==== DATA SUPPLIED ====

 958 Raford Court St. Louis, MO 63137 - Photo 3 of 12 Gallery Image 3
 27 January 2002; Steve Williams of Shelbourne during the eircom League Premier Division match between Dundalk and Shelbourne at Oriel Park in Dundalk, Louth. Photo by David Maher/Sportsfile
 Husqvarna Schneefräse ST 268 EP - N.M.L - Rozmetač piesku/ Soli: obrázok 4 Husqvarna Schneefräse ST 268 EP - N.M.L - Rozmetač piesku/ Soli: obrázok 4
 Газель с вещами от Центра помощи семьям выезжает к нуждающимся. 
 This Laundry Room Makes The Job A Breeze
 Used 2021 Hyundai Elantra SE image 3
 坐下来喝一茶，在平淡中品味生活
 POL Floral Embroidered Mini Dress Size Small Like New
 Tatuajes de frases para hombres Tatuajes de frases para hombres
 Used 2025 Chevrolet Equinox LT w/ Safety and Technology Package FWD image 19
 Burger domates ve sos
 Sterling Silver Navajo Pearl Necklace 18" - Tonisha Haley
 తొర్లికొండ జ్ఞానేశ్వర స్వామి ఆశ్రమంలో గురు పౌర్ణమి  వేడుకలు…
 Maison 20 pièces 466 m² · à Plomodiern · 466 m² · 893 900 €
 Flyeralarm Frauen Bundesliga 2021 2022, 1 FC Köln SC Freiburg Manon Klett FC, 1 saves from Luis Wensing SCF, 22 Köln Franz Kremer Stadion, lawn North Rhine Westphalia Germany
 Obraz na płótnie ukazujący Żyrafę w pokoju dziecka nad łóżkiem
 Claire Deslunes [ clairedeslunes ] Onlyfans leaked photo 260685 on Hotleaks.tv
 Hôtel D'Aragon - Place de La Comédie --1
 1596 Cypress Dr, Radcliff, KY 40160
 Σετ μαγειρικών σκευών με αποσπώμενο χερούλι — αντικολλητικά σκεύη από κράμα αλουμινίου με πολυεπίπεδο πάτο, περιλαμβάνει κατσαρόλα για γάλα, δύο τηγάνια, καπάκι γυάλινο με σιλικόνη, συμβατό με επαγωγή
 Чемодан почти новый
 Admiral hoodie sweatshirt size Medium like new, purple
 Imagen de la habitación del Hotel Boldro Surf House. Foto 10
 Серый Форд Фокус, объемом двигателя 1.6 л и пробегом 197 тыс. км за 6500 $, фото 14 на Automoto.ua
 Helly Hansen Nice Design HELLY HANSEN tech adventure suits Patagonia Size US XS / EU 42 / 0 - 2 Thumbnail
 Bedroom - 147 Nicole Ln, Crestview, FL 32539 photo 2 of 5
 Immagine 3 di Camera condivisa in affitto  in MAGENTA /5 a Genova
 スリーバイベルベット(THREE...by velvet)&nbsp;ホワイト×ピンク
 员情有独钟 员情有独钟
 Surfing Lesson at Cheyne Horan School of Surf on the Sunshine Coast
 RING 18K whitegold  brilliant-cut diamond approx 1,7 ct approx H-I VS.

====

- REQUIRED WORK -
Copy each of the records above so that nothing differs from the original.

- RESPONSE FOR THIS EXERCISE -
 958 Raford Court St. Louis, MO 63137 - Photo 3 of 12 Gallery Image 3
 27 January 2002; Steve Williams of Shelbourne during the eircom League Premier Division match between Dundalk and Shelbourne at Oriel Park in Dundalk, Louth. Photo by David Maher/Sportsfile
 Husqvarna Schneefräse ST 268 EP - N.M.L - Rozmetač piesku/ Soli: obrázok 4 Husqvarna Schneefräse ST 268 EP - N.M.L - Rozmetač piesku/ Soli: obrázok 4
 Газель с вещами от Центра помощи семьям выезжает к нуждающимся. 
 This Laundry Room Makes The Job A Breeze
 Used 2021 Hyundai Elantra SE image 3
 坐下来喝一茶，在平淡中品味生活
 POL Floral Embroidered Mini Dress Size Small Like New
 Tatuajes de frases para hombres Tatuajes de frases para hombres
 Used 2025 Chevrolet Equinox LT w/ Safety and Technology Package FWD image 19
 Burger domates ve sos
 Sterling Silver Navajo Pearl Necklace 18" - Tonisha Haley
 తొర్లికొండ జ్ఞానేశ్వర స్వామి ఆశ్రమంలో గురు పౌర్ణమి  వేడుకలు…
 Maison 20 pièces 466 m² · à Plomodiern · 466 m² · 893 900 €
 Flyeralarm Frauen Bundesliga 2021 2022, 1 FC Köln SC Freiburg Manon Klett FC, 1 saves from Luis Wensing SCF, 22 Köln Franz Kremer Stadion, lawn North Rhine Westphalia Germany
 Obraz na płótnie ukazujący Żyrafę w pokoju dziecka nad łóżkiem
 Claire Deslunes [ clairedeslunes ] Onlyfans leaked photo 260685 on Hotleaks.tv
 Hôtel D'Aragon - Place de La Comédie --1
 1596 Cypress Dr, Radcliff, KY 40160
 Σετ μαγειρικών σκευών με αποσπώμενο χερούλι — αντικολλητικά σκεύη από κράμα αλουμινίου με πολυεπίπεδο πάτο, περιλαμβάνει κατσαρόλα για γάλα, δύο τηγάνια, καπάκι γυάλινο με σιλικόνη, συμβατό με επαγωγή
 Чемодан почти новый
 Admiral hoodie sweatshirt size Medium like new, purple
 Imagen de la habitación del Hotel Boldro Surf House. Foto 10
 Серый Форд Фокус, объемом двигателя 1.6 л и пробегом 197 тыс. км за 6500 $, фото 14 на Automoto.ua
 Helly Hansen Nice Design HELLY HANSEN tech adventure suits Patagonia Size US XS / EU 42 / 0 - 2 Thumbnail
 Bedroom - 147 Nicole Ln, Crestview, FL 32539 photo 2 of 5
 Immagine 3 di Camera condivisa in affitto  in MAGENTA /5 a Genova
 スリーバイベルベット(THREE...by velvet)&nbsp;ホワイト×ピンク
 员情有独钟 员情有独钟
 Surfing Lesson at Cheyne Horan School of Surf on the Sunshine Coast
 RING 18K whitegold  brilliant-cut diamond approx 1,7 ct approx H-I VS.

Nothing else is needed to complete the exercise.